Neuilly la folie
Sordide fait divers à la mairie de Neuilly lors de la soirée électorale du premier tour. Une participante a déclaré au micro de France Inter, en toute bonne foi, avoir été agressée : “Il y a une bonne femme qui m’a balancé un verre de champagne à la figure parce que j’étais avec Arnaud Teullé”. La bourgeoisie locale semble trouver dans les élections municipales un exutoire qui ne manque pas de faire sourire le reste de la France.
Heureusement que Nicolas Sarkozy s’y était pris à l’avance pour assurer sa succession à la mairie de Neuilly. Le président de la République, il faut lui rendre cet hommage, a réussi le pari a priori impossible de réveiller Neuilléenes et Neuilléens. Arrivé tout propret, présenté par son illustre mentor, David Martinon est reparti plus vite qu’un bouchon de champagne.

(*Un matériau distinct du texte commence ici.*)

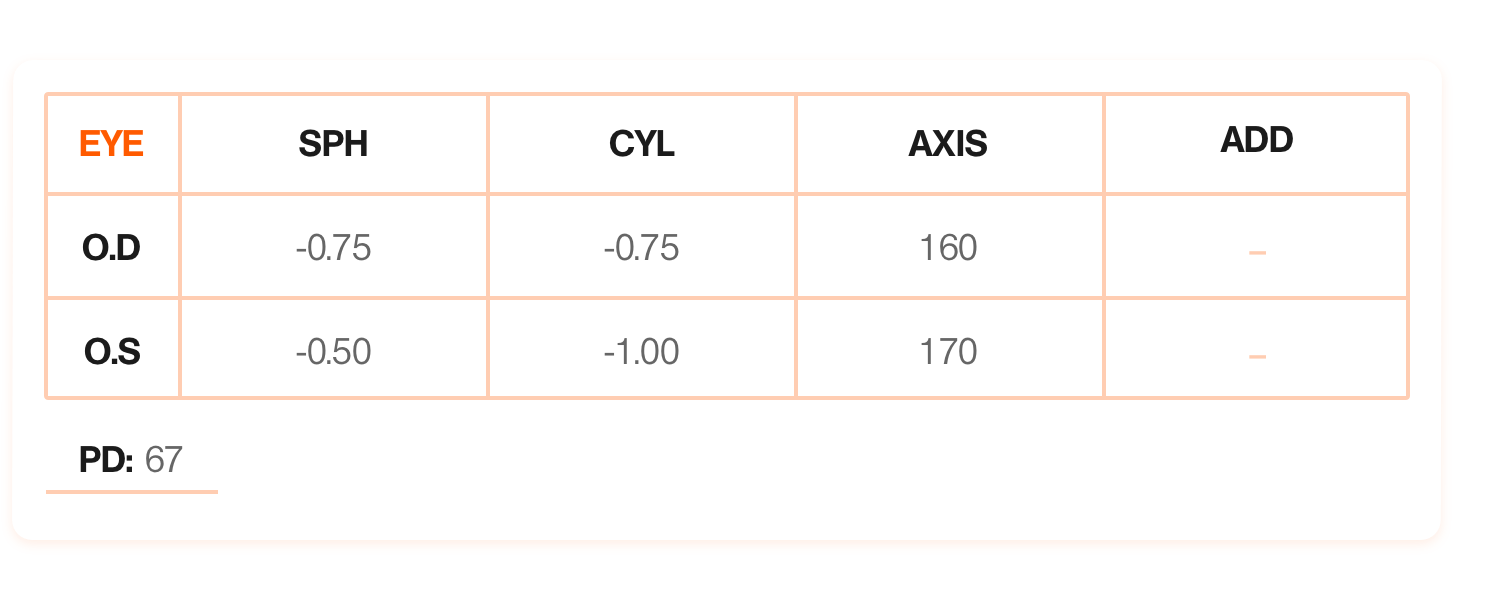 A table displaying an eyeglass prescription with columns for SPH, CYL, AXIS, and ADD. The prescription shows the following values: Right Eye (OD): -0.75 SPH, -0.75 CYL, 160 AXIS; Left Eye (OS): -0.50 SPH, -1.00 CYL, 170 AXIS; Pupillary Distance (PD): 67.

Ah, le champagne. A Neuilly, bling bling est une expression qui ne représente pas leur ancien édile, adolescent attardé et frimeur, devenu président. Non bling bling c’est ce son récurrent des coupes de champagne qui s’entrechoquent entre gens de bonne compagnie, aux bonnes manières. L’éducation, le savoir-vivre ou la politesse rudimentaire, c’est, dans cette enclave de France pas comme les autres, ce qu’on transgresse avec une joie non dissimulée lorsqu’on se rebelle.

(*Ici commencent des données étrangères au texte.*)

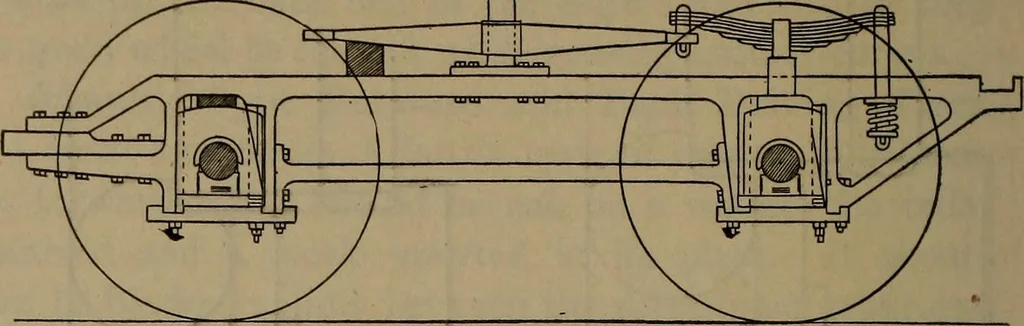 An illustration from Locomotive text for engineers and firemen; a complete treatise on the engine, electric head-light and standard code of train rules, 1908, leaf 227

S’asseoir sur les convenances, avoir à la bouche quelques grossièretés bien senties : quelle délivrance pour une caste habituée à vivre en vase clos, entre gens du même milieu. Les raisons de l’affrontement entre les deux clans, on ne la connaît plus vraiment. Certains avancent le clivage entre la droite catho et la droite jet set. Un peu court. En soixante ans, jamais une campagne municipale n’aura été aussi mouvementée. Depuis 1947, les Neuilléens ont toujours reconduit leur maire sortant et au premier tour ! Le seul accroc remonte à 1995 lorsqu’un candidat chiraquien avait tenté de renverser Nicolas Sarkozy maire en place. Celui-ci avait dû se contenter d’une réélection à 59,97 % des voix, au premier tour évidemment. 2008 a donné lieu à un débat municipal inédit qui a mis en scène plusieurs concurrents à droite sur fond de psychodrame très médiatisé.
La section UMP à Neuilly, c’est le chiffre hallucinant de 3 800 cartes. Autant dire que le responsable local a du poids et des ambitions. Le patron justement, c’est Arnaud Teullé. Il arrive à se débarrasser du parachuté Martinon, mais voilà qu’un impudent Jean-Christophe Fromantin, candidat divers droite de 45 ans entend saisir sa chance. Les sondages le donnent favori. Le secrétaire général de l’UMP Patrick Devedjian en tire les conclusions et lui apporte le soutien du parti présidentiel. Peu importe, Arnaud Teullé, ex-numéro deux de la liste Martinon, se lance quand même en outsider, mais avec le soutien d’Andrée Sarkozy, la mère du président.
Dans cette confusion, Jean Sarkozy glisse habilement sur la cantonale de Neuilly-Sud où il est élu au premier tour. Aux municipales, Jean-Christophe Fromantin, le candidat divers droite soutenu par l’UMP confirme son leadership avec 47,89 % des suffrages loin devant le dissident Arnaud Teullé qui obtient 32,12 % des voix. Et ce n’est pas la gauche qui jouera les arbitres au second tour. La liste PS atteint péniblement les 7 %.